This column appears in the September 2013 issue of The North Star Monthly, which has won awards for its features and photography. Check out their site:


    


Tuesday, August 13, 2013

The Tarot of Tiramisu



     As I write this, the month of June is finally disappearing in the rear view mirror. We’re well out of that, boys and girls.  If June were a Tarot card, its images might include a gleaming tower in semi-collapse; a bolt of lightning zigzagging across dark skies; a river overflowing from torrents of rain; and for good measure, perhaps, a jester fumbling with a fiddle. And in the foreground, just off center, a cheery ceramic mixing bowl and a sturdy wire whisk.
     I’ve been baking these past weeks. There’s something reassuring about turning your attention away from your worries and focusing on a recipe for, say, a lemon cream cake loaded with Limoncello or an angel-light chiffon. Of course, the prospect of eating the cake once it’s out of the oven and cooled brightens the mood, but the life-affirming act of creating the treat can be its own reward.   By your own hand, the simplest ingredients – eggs, sugar, flour -- measured accurately, whipped or beaten or folded together then baked according to clear and rational directions are transformed into something beautiful, extraordinary, delectable.
     The scene outside the kitchen window might be in a state of flux and fluster, but at your oven, you regain control. You are invincible. You’ve returned order to the kingdom. Justice again prevails.  The meek shall inherit, and so forth. Somewhere, maybe in the middle of America or a small village in the south of France, after a busy restaurant has closed for the day and the front-of-the-house lights are dimmed, a baker removes his floured apron and begins to write, “The Pastry Chef’s Guide to World Domination.”


(Judgment from the Visconti-Sforza Tarot, 15th Century)

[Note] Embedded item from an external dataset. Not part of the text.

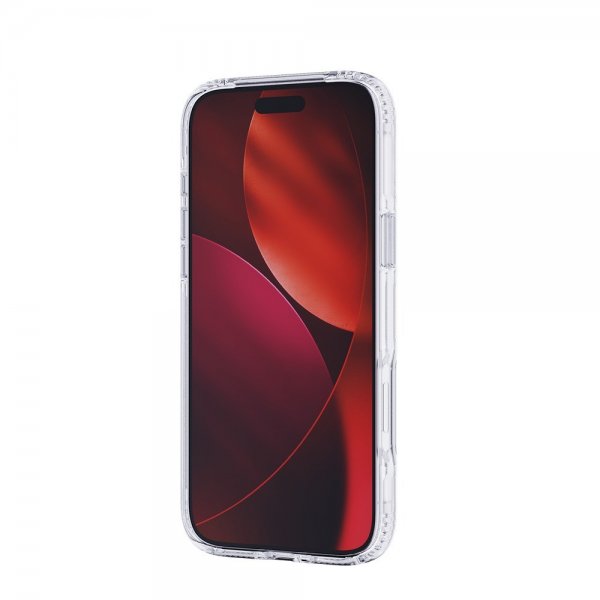 Tech21 iPhone 17 Pro Max Skal EvoClear MagSafe Transparent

     Which is why you should make tiramisu.
     The ubiquitous Italian delight is trotted out after many a dish of pasta, and often quite badly, occasionally fruited up with in-season berries, desecrated with mounds of tinned cinnamon, or deconstructed across a cocoa-dusted plate the size of a hubcap.  It’s not been one of my favorites (too fattening, too soupy, the flavors too married), and I rarely order it when eating out. But then, June happened. Desserts acquired a food group status and climbed high on the antiquated pyramid.
     Recipes for tiramisu vary, though layering coffee or espresso-soaked ladyfingers with sweetened mascarpone and topping with chocolate are essential. Some incorporate raw egg into the cheese; I wouldn’t do that even on a dare. Some eschew alcohol and opt for rum flavoring in the “pick me up” brew, which seems unnecessarily puritanical.  Others, more traditional perhaps, instruct that one prepare first a zabaglione and also a pastry cream to add to the mascarpone before assembling. I’m exhausted just thinking about that.
     A straight-forward version, with no salmonella worries, lifted out of the ordinary through the use of homemade ladyfingers will do you proud and help lighten the atmosphere on any angst-wrought occasion.
     Recently I became acquainted with a thoughtful, accomplished woman who wields a wicked pack of Tarot cards, and I asked her to do a reading for me.  I know the cards themselves have no power, but if we allow ourselves to meditate upon the layering of images, esoteric and iconic, and what they call to our attention, they can provide snapshots into our lives.
     The final card in my reading was the eight of swords. A woman in a flowing robe, bound loosely and blindfolded, stands in a barren, watery landscape. Eight swords, plunged into the ground, partially fence her in, but the way ahead is clear. The sky is dark and foreboding, but in the distant background appears a castle on a hill.
     The meaning of course lies in the layers, in the depth of their interpretation. Much like a good tiramisu.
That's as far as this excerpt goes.